Transformers: Revenge of the Fallen seemingly tested any faith fans had in the franchise following the satisfying 2007 live-action debut of the toy-based franchise. Since then, every sequel in the Transformers franchise has made less and less money, to the point that Transformers: The Last Knight barely made more than half of what the previous sequel, Age of Extinction, earned at the domestic box office.

Sadly, that continued disappointment didn't bode well for Bumblebee, which is currently the lowest grossing movie in the entire Transformers franchise ($3 million under The Last Knight), both domestically and globally. But the good news is that Bumblebee was received extremely well by critics. Not only is it the highest rated film in the franchise with critics at Rotten Tomatoes, but it's the second most beloved by general audiences, second only to the original Transformers from 2007. What does all this mean for the future of the Transformers franchise? Executive producer Lorenzo di Bonaventura recently talked about the possibilities.

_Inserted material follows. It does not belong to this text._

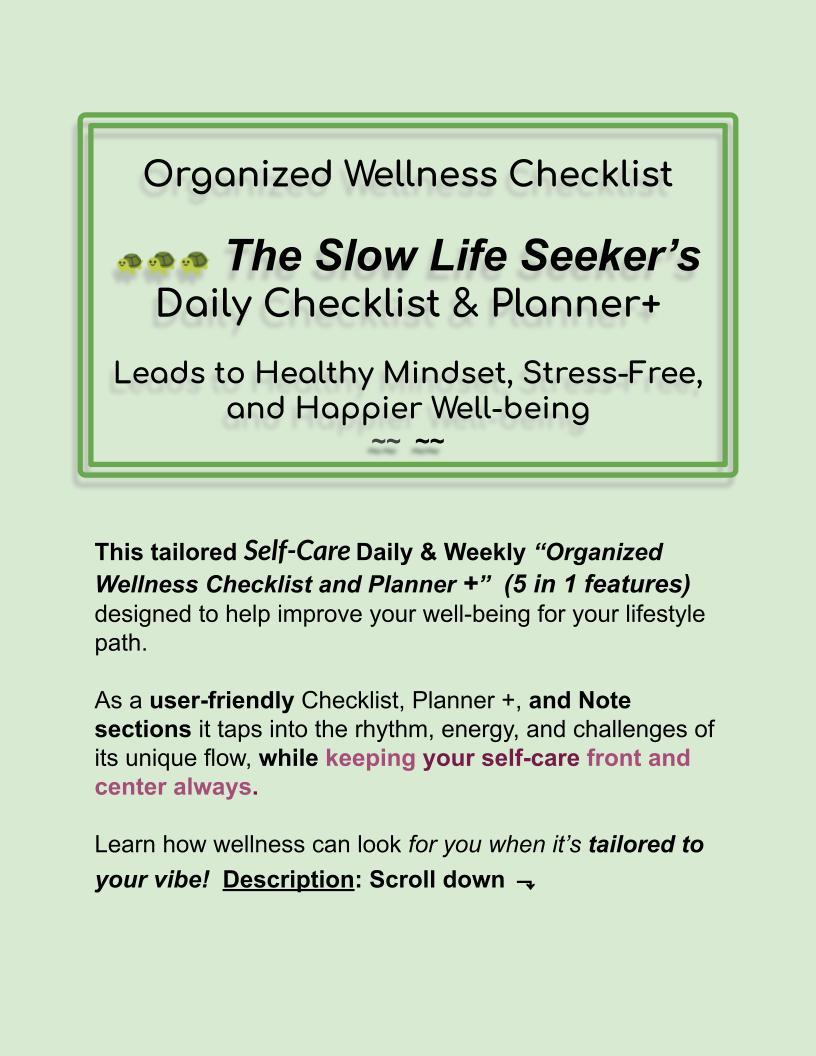 Self Care Wellness, Checklist and planner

Bumblebee has been referred to by Hasbro as a "new storytelling universe," but it hasn't been clarified as to what that really means. Lorenzo di Bonaventura was asked about this detail by Transformers fan site TFW2005, and here's what he had to say:

"The difficulty in developing a movie series is the fact that constraints increase as you move forward. In the early days of the series, you have the freedom to start new things. You do not have to follow the rules established in other films. In Bumblebee, different approaches and different productions were possible."

That sounds a little bit lazy. Because if you're just going to break the rules established in the other movies, then why not just reboot the entire franchise? Bumblebee is another entry that really messes with the timeline of how long and often humans have been interacting with Transformers. It's not nearly as bad as the mythology breaking introduction of elements from The Last Knight, but it's certainly not completely consistent with the rest of the franchise.

Either way, di Bonaventura is hoping Travis Knight will return for a Bumblebee sequel, even if they're not entirely sure what that will be yet. Apparently there's talk of doing a kind of buddy movie with Bumblebee and Optimus Prime working together. But di Bonaventura also notes that if a good idea for a solo Optimus Prime adventure comes along, they'd be very interested in making that work too. Thankfully, the next installment will also be more character-oriented like Bumblebee:

"In Bumblebee, I wanted to make a film that feels emotion and warmth, but I think that it requires patience to continue to observe the relationship developed between the two [main characters]. Don't do a big explosion every few minutes. I have learned that you can like this style as well. I think that it will be utilized in the sequel of both Bumblebee and Transformers."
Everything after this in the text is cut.